Any tool used for assessment of the safety of a retirement portfolio that does not take valuation levels at the start of retirement into account is fundamentally flawed. This factor always affects the result. A tool that does not take it into account cannot produce the correct result. That sort of study has not taken into account all the inputs that matter. Without taking into account all the inputs, it is not reasonable to expect the analysis to produce the correct output.
How exactly do you propose to take valuations into account? I don't see anything quantitative here, and I don't see how to get anything quantitative. The most suggestive plot in this regard is the PE10 vs SWR plot that BenSolar linked to on another thread. But even that doesn't seem to lend itself to any hard and fast rule, and it is not clear how to extrapolate it out to the extremes of the 2000 bubble peak. I could imagine reasonable functional fits to the data which would give anywhere from 4% down to 0% SWRs out there, but these would all involve purely empirical functions, nothing with any theoretical basis behind them, so there's no way to choose among them. Not to mention statistical confidence problems. (I might play with such fits for fun if I get a chance, but wouldn't believe anything that came out.)

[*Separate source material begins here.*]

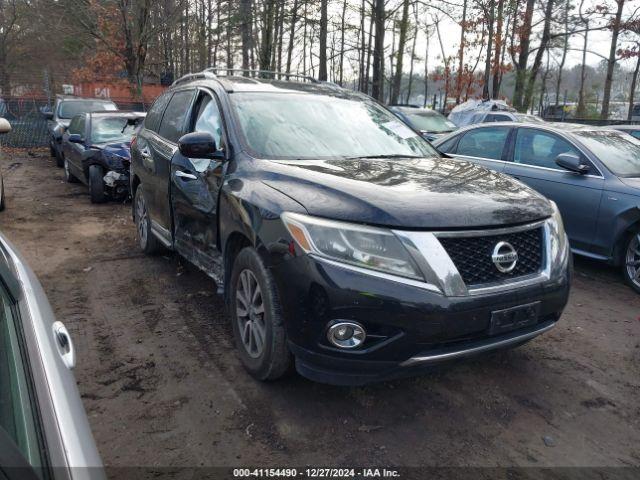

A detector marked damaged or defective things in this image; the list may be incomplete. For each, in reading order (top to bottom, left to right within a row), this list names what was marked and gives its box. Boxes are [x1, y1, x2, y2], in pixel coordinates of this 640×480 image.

damaged rear vehicle [62, 112, 145, 202]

I guess it makes sense to say, as a rule of thumb, that it may be wise to tweak down the withdrawal rate when starting from high valuations, but I just don't see how to quantify this into anything really useful.
Of course I also believe Gummy is right that the whole SWR idea based on absolute fixed withdrawals is only really useful for guessing how big a pot one might have to accumulate in advance. As an actual withdrawal strategy, it is too rigid and fails in very unforgiving ways.